I would look at a tankless hot water heater that is 90%+ eff. The price difference in the exhaust piping will make up the difference. The 90% ones vent thru PVC which is dirt cheap compared to some of the required stainless concentric piping required by the others. I went from a 55 gallon tank to a 97% Navien in 2011 and it cut my natural gas bill by 2/3’s.

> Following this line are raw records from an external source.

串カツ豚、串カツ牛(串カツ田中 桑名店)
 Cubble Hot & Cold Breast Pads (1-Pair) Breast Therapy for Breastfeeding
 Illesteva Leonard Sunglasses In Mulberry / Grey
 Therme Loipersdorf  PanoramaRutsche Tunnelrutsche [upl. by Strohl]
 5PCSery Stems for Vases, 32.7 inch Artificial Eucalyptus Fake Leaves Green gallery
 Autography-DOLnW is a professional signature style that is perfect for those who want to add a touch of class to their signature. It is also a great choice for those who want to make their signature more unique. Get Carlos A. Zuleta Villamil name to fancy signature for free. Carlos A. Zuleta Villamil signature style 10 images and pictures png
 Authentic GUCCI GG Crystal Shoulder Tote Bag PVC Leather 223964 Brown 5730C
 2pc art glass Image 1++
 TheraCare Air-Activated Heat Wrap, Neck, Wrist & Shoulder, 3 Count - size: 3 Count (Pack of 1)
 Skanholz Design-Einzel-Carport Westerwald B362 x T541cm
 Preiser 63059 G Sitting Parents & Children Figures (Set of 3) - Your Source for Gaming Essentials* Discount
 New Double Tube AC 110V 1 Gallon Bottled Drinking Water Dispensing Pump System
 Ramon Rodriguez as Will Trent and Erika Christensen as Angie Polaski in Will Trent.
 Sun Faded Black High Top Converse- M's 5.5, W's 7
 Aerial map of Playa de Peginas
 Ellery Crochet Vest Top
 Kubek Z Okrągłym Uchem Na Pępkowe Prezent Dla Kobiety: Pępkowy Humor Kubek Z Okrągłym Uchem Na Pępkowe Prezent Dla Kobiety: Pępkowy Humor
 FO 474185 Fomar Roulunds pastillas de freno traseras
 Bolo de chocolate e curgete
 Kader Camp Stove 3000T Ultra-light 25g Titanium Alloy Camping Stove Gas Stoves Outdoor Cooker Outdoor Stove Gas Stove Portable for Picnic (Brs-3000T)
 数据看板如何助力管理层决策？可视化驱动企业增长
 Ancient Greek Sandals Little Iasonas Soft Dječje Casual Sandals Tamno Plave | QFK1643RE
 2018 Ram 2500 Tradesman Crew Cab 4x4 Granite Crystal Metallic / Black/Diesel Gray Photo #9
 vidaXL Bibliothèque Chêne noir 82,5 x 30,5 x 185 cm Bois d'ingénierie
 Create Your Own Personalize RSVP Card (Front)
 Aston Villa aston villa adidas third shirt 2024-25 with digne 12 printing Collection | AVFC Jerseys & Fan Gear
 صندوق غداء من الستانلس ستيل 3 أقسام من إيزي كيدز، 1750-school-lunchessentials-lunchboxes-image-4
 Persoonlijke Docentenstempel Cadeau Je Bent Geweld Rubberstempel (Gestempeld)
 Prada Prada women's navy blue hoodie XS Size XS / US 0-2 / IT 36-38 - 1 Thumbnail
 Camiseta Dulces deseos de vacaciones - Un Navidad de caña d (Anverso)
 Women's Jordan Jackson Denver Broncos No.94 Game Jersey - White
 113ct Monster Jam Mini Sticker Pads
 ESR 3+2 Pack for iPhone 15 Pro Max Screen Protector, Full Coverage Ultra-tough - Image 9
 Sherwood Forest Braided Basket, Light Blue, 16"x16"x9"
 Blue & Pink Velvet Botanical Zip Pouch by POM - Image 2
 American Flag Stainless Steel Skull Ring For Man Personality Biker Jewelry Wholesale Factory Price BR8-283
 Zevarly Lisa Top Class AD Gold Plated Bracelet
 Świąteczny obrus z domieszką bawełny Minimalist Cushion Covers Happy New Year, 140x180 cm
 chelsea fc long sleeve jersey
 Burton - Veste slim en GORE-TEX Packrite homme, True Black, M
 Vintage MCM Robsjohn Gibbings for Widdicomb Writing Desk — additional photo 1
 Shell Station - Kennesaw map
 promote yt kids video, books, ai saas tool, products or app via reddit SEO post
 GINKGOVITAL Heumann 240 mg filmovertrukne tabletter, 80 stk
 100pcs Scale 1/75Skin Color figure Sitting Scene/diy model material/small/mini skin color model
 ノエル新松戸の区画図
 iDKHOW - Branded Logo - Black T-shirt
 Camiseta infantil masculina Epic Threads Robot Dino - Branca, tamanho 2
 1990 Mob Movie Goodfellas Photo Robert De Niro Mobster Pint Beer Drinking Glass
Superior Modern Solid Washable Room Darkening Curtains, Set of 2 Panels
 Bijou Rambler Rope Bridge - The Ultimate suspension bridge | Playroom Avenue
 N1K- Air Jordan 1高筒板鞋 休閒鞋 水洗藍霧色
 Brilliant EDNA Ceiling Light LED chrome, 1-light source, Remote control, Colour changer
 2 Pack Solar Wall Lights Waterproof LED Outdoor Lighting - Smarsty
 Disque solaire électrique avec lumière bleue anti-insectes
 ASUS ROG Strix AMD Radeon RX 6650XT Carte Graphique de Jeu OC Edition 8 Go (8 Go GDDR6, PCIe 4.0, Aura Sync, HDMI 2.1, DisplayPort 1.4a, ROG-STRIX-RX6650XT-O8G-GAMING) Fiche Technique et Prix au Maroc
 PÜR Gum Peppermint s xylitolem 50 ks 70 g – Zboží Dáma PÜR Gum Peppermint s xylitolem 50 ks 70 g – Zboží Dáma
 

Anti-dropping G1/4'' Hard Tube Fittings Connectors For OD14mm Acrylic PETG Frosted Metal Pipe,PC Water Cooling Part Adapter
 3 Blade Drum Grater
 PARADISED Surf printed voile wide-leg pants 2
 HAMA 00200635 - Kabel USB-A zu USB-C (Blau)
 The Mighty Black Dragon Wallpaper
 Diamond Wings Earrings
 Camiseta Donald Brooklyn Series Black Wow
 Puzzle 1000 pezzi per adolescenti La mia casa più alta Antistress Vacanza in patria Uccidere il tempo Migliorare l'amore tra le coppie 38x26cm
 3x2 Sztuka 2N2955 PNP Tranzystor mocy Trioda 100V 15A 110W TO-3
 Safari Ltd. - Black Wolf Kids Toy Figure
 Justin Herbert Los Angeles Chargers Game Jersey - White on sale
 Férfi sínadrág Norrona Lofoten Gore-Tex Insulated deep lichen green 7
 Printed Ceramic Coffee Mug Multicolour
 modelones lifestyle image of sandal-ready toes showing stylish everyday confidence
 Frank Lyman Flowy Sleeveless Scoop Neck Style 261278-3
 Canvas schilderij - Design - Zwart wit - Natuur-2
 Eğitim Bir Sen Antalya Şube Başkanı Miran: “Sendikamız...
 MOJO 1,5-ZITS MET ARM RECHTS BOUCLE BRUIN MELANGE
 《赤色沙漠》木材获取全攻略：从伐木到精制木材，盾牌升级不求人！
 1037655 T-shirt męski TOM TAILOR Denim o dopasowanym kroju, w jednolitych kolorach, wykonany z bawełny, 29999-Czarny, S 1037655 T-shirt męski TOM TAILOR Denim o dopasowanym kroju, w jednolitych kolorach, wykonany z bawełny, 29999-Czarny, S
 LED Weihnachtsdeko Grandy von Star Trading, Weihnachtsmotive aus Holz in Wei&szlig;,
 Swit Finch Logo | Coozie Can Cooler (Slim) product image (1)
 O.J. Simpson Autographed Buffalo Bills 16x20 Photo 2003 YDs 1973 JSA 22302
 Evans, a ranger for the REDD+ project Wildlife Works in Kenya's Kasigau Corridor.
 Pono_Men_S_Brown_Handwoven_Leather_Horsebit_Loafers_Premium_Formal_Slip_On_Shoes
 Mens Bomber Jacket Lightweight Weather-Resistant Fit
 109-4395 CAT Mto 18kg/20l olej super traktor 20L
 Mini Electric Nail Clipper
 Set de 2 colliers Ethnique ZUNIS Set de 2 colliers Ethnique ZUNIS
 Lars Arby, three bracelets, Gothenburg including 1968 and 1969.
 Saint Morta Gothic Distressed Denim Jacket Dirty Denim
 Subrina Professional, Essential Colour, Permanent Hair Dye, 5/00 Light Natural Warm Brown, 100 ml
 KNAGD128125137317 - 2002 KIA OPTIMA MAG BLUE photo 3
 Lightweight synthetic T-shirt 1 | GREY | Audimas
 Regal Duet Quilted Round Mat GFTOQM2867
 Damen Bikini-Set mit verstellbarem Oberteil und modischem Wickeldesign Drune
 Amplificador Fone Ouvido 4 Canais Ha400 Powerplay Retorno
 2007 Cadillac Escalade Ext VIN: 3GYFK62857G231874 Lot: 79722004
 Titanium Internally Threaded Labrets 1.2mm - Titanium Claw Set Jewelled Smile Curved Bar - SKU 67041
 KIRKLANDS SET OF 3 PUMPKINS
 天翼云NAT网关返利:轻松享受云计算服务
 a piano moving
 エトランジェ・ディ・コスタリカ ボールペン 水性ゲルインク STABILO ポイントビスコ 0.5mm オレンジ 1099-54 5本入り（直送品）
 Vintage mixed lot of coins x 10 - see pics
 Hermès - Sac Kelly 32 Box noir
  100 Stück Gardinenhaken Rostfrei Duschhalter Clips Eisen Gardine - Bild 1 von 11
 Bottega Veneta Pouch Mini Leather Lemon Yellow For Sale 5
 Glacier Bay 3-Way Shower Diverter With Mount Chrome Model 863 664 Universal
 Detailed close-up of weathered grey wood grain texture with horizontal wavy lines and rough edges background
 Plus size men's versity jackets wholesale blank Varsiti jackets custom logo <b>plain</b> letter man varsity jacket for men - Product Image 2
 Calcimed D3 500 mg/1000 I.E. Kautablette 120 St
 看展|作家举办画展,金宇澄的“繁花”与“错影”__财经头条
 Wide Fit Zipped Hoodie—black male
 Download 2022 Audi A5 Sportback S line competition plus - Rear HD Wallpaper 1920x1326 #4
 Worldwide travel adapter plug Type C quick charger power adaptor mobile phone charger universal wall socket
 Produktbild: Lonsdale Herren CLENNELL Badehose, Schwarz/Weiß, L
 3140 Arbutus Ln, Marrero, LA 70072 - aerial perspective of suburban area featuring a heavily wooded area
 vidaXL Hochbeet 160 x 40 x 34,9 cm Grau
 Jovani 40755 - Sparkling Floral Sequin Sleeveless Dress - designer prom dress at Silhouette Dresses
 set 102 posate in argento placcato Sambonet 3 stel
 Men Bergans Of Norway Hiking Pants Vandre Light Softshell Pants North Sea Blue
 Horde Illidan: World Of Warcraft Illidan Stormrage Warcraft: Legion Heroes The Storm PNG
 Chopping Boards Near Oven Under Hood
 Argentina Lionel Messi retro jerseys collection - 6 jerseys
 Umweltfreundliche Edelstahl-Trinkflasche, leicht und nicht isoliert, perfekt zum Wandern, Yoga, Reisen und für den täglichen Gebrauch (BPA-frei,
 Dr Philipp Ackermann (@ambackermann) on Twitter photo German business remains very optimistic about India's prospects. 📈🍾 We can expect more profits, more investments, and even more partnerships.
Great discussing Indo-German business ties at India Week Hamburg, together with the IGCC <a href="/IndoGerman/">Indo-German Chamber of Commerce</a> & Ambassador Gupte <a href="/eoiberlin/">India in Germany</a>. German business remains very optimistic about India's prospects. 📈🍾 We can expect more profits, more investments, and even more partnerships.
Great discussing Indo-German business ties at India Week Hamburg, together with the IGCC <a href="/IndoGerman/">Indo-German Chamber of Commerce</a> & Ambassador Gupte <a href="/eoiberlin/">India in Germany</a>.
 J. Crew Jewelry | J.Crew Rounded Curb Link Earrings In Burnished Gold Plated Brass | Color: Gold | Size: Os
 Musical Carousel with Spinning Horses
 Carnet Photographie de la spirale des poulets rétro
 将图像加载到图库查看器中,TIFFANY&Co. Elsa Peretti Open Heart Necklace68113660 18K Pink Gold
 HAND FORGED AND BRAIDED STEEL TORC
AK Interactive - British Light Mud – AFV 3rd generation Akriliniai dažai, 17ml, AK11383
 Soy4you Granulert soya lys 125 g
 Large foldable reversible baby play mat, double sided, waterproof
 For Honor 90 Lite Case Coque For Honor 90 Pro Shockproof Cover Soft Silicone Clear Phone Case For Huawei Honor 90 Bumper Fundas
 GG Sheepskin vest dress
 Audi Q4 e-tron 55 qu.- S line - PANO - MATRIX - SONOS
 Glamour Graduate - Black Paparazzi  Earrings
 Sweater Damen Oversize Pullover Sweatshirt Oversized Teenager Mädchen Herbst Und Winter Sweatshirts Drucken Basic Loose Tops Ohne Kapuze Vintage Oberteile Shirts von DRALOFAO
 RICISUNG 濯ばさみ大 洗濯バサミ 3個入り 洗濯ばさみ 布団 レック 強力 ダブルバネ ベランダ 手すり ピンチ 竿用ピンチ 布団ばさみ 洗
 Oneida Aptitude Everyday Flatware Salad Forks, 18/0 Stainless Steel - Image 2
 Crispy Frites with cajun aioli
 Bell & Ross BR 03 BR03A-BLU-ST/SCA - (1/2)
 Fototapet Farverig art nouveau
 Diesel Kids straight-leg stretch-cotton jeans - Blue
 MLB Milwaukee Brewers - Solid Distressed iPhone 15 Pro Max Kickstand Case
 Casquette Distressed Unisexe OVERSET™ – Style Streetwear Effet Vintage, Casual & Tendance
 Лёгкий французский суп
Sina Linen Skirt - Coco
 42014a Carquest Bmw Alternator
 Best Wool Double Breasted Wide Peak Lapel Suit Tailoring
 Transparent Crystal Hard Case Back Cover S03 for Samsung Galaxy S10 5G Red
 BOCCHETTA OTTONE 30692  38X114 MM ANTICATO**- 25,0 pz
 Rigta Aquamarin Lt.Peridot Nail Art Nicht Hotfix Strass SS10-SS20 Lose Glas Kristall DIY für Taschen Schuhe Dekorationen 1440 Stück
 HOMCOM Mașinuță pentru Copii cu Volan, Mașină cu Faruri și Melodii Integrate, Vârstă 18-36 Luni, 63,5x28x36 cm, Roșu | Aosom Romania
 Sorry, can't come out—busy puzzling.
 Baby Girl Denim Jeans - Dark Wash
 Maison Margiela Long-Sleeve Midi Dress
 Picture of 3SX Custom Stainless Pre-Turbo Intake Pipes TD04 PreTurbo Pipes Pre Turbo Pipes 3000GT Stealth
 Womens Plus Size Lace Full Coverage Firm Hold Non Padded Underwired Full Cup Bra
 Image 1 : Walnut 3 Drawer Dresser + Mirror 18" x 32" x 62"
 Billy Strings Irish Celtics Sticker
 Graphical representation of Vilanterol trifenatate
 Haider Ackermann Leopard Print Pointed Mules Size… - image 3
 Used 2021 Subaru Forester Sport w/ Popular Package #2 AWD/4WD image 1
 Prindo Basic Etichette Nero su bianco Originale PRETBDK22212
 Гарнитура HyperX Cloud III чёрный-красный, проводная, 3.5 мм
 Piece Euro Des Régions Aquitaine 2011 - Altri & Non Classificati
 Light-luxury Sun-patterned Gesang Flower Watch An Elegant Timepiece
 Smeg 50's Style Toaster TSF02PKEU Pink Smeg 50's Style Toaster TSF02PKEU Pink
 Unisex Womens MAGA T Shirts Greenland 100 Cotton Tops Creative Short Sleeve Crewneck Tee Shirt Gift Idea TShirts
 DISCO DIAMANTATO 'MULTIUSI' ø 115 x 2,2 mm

No idea how it quoted ixu and taged brian5

We do, and that is the exact reason I wanted to go with a hybrid, even before we had the solar. Now that we have it, especially in the fall and spring, I foresee massive over generation, and unfortunately some of that will be right before our annual expiration. If I could run an efficient electric water heater using my excess, it’d be great. Eventually (5 years, 10 years, 20?) we’ll have an electric car and then be under generating. I’ve already been planning where at least 2, then at least 3 more, and even an additional 2 after that could easily go. I think 7 panels is what we’d need for our current driving needs. For a while coming up, I think there’ll be a game of over generation, then under, then over, under, etc. until all devices are replaced and all necessary panels are installed. We’re talking 20 years I think here.

Well the truth is that efficiency is what you make it.

Even the most basic resistive-only hot water heater has 95%+ (more like 97-98%) thermal efficiency these days. But as @ccook suggests, a tankless system (gas or electric) is more efficient by certain metrics because you aren’t storing hot water and heating unnecessarily and losing some of that energy as the tank water cools down.

The gotcha with a tankless system is that you need high instantaneous energy output. With gas that’s usually not an issue but with electric it usually is. Electric tankless heaters are cheap because they are so simple but expensive to install in most situations, and especially to install safely. But actually the real argument for tank/tankless from an efficiency standpoint is when you look at the whole system and how it’s used. Sporadically used vacation homes in cold climates are possibly more efficient with tankless; always-occupied primary homes with large families (and constant hot water use) are almost certainly more efficient with a tank.

When you add solar to the equation (even if it’s only eventually) I would say tankless (electric) is out of the question and adding as large a tank as possible is the most efficient way of using excess solar in a typical family house in certain locations. Why?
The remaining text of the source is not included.